Monday, February 18, 2008

Divided loyalty

I spent the bulk of my work time today trying to figure out how to manage admissions for our program for fall 2008. Last year we instituted a wildly successful new procedure that set an application deadline for the first time, and grouped applicants who made it past the first cut into several on-campus all-day information and interview sessions. Because it was brand new, we had no idea how it would affect our application numbers or quality, or whether we should admit a percentage of the freshman class after each session rather than wait until all candidates were interviewed.

We learned a few things flying by the seat of our pants last year, but here we are smack dab in the middle of year 2, and we've changed the variables such that we can't really use the lessons we learned -- moving the deadline up, changing the spacing of the interview days around the deadline. Here we are with a group of interviewed students, and another big stack of applications of those yet to be interviewed who met the deadline. How many of the first group should we admit? If we don't admit any (in the name of fairness, letting everybody compete against the entire pool), we risk losing highly desirable students as they continue to shop around -- a scholarship offer in hand, as you may remember from your own college admission, counts for a lot as you're weighing other possibilities.

The question becomes even more difficult when you're looking at students you've met and spent time with -- and in many cases developed an affection for that leads to advocacy on their behalf -- versus a stack of paper applications that have not yet been attached to a face and an enthusiastic attitude. It's natural to want to secure a spot for the former group, even as you are aware that every spot taken leads to increased competition for a reduced number of seats among the group still to come. Should folks who completed their applications before the deadline be given preference, even though no policy about early admissions was published? How should we draw the line between the students we want so much we will make immediate offers to, and the students we know are good material for our program but who should wait for a final decision until the entire pool of applicants is in view as context?

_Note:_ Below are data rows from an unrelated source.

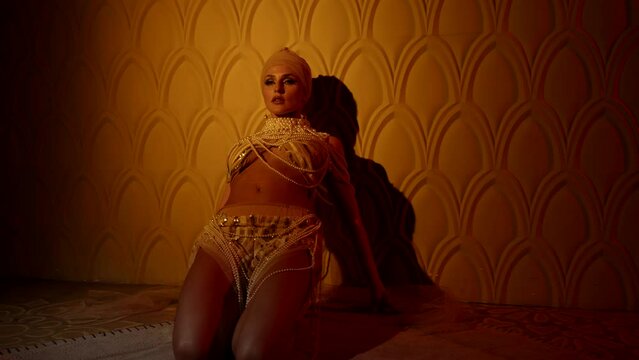 a curvy woman in a turban and an open suit made of shiny beads knelt down and makes a wave against the wall. orange light. the camera is getting closer
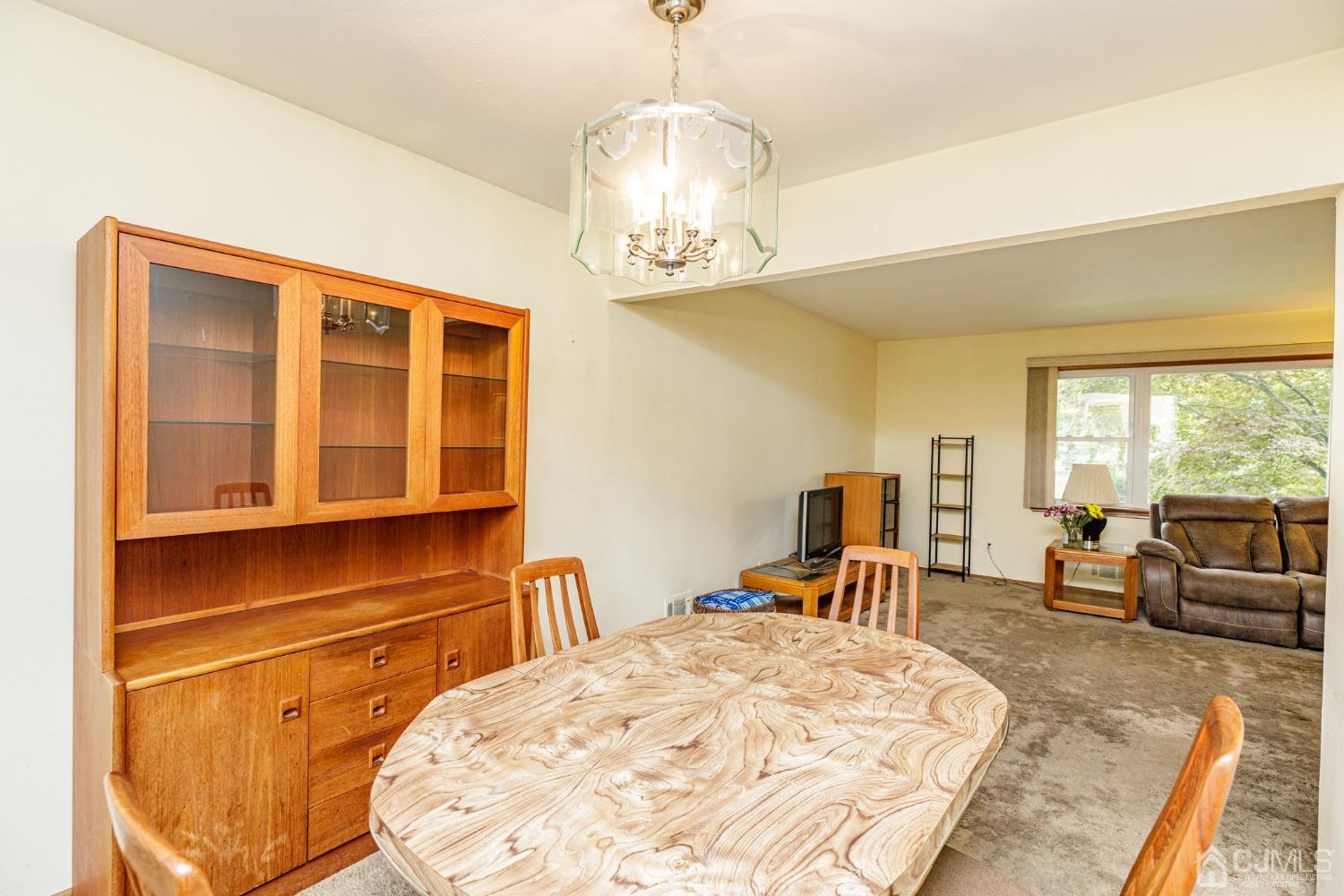 38 Marlin Avenue East Edison, NJ 08820 - Photo 10 of 36 a bed room with a bed and a chair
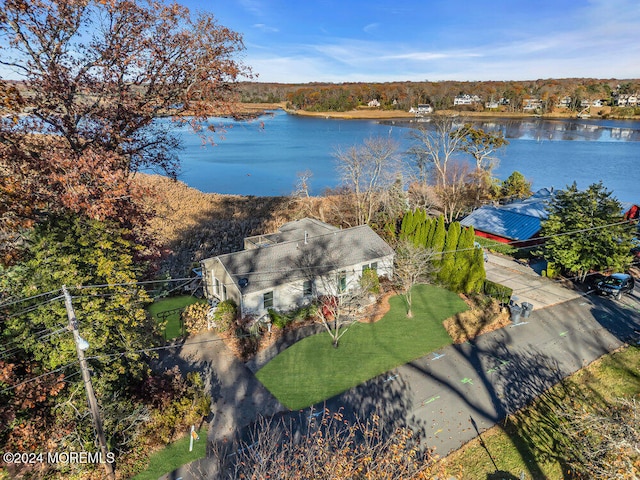 drone / aerial view with a water view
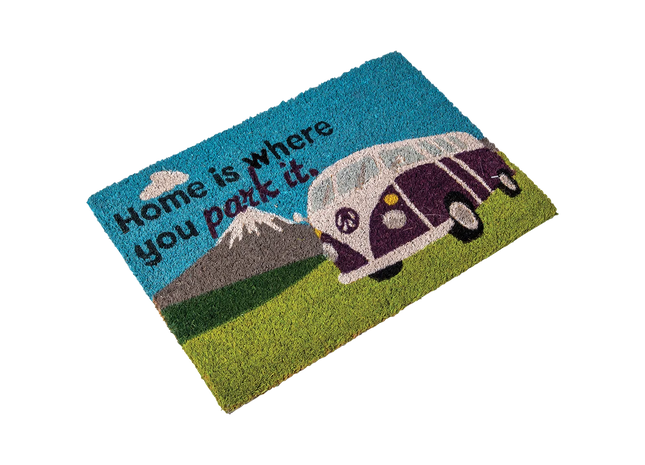 A rectangular coir doormat with a colorful printed design featuring the text 'Home is where you park it.' alongside a purple and white vintage camper van on a green grassy field under a blue sky with a mountain in the background.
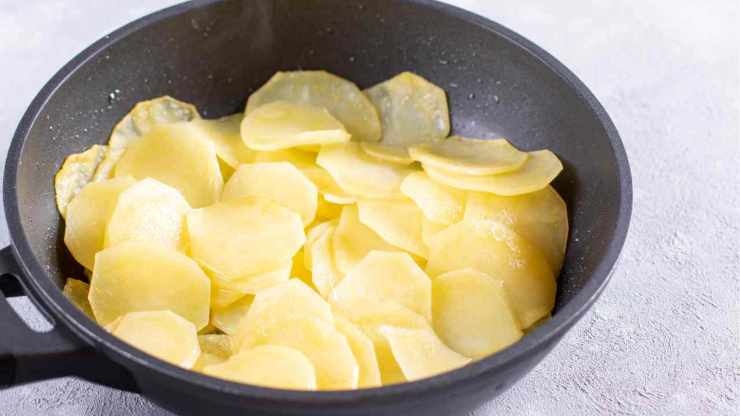 In una brocca sciogliete 10 grammi di sale in un litro d’acqua: vi servirà per regolare la sapidità della tiella. E’ il momento di comporre il piatto: ungete il fondo della teglia con olio extravergine d’oliva, poi fate un primo strato con cipolla, aglio, prezzemolo e pomodorini. Aggiungete sopra le fette di patate, cercando di disporle in modo uniforme e condite con un filo d’olio extra vergine d’oliva. In una brocca sciogliete 10 grammi di sale in un litro d’acqua: vi servirà per regolare la sapidità della tiella. E’ il momento di comporre il piatto: ungete il fondo della teglia con olio extravergine d’oliva, poi fate un primo strato con cipolla, aglio, prezzemolo e pomodorini. Aggiungete sopra le fette di patate, cercando di disporle in modo uniforme e condite con un filo d’olio extra vergine d’oliva.
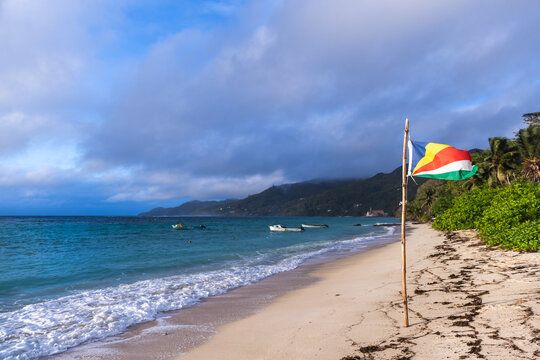Coastal landscape with the flag of Seychelles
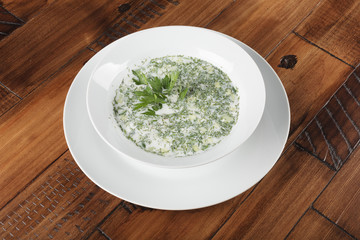 Russian and ukrainian traditional cold soup (okroshka) in a white plate. Wooden background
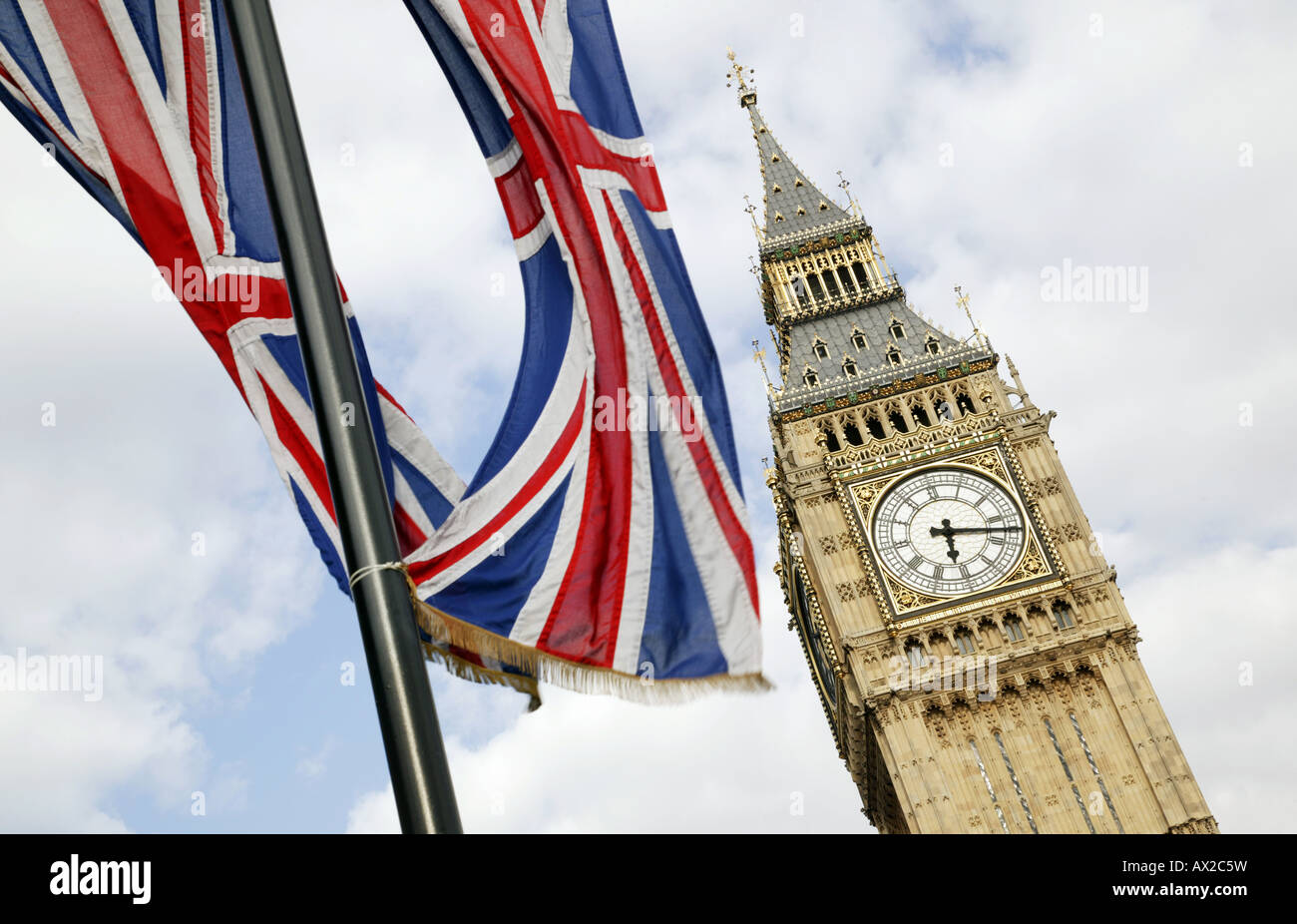 Big Ben and a Union Jack in Parliament Sq, London Stock Photo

Much of the issue revolves around where one's loyalty should lie -- to the individual applicant (advocacy) or to the fairness of the system (justice). It seems right that there should be a place for both stances in a selective admissions environment. Representatives of the institution who interacted with the student should be expected to advocate for them. Those who oversee the entire process can take such advocacy into account, but reserve their loyalty for the process as a whole.

That realization helps me understand what administration is about, and why it's so problematic. It seems the height of bureaucratic inhumanity to pledge loyalty to a system rather than to human beings. Yet the administrator must build as fair a system as possible and avoid circumventing it for the benefit of select individuals, in the belief that a fair process will allow more of the deserving to attain the goods they seek.

The administrator building and overseeing the process will not always do what the advocates want -- nor will the process always come out in the best interests of the individual. That's what's painful about it. But will more deserving interests be served than would be possible if each decision were made ad hoc? We trust this is so. And so we administer the process, with fear and trembling, with an eye on the big picture and a dread of forever losing sight of the human scale.